Too young. You don’t qualify. I doubt you’d pitch a fit if anyone replaced ‘Crock’ with ‘Get Fuzzy’.
I’d pitch a fit if someone replaced “Get Fuzzy” with “Crock”. However, I do think that Get Fuzzy needs to be replaced, which saddens me. It seems to have lost its funny somewhere, and is now just surreal.
The Web is the only place for good comic strips these days. Period.
Agreed about that. Plus the creator doesn’t really have a sense of comic timing/pacing at all-as a result the strip often suffocates from an overload of themes & dialogue.
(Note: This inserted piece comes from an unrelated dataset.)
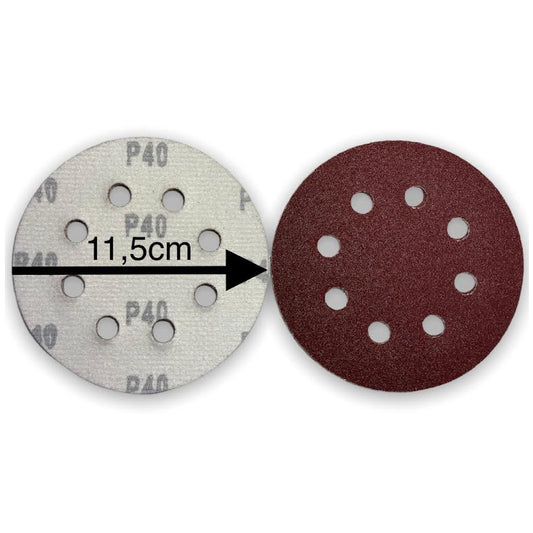 Discos de Lijado Pulir x5 115mm MICASA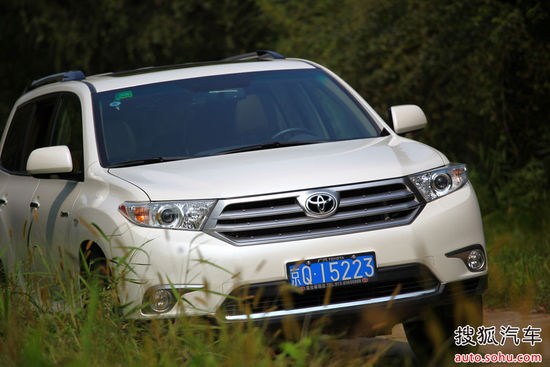 豐田 漢蘭達 實拍 圖解 圖片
Actual editor checking in here to report another discouraging factor: money.
Very long post follows:
As news editor of a small daily, the managing editor happily hands over responsibility for the comics page to me, because I care about it.
The publisher is not particularly a comics fan, but recognizes their importance. She just wants two things:
1. No negative calls from readers and
2. No more money for comics than we are currently spending
That’s what makes it tough. We get the majority of our comics from United Media (United Features and the old NEA - Newspaper Enterprise Association.)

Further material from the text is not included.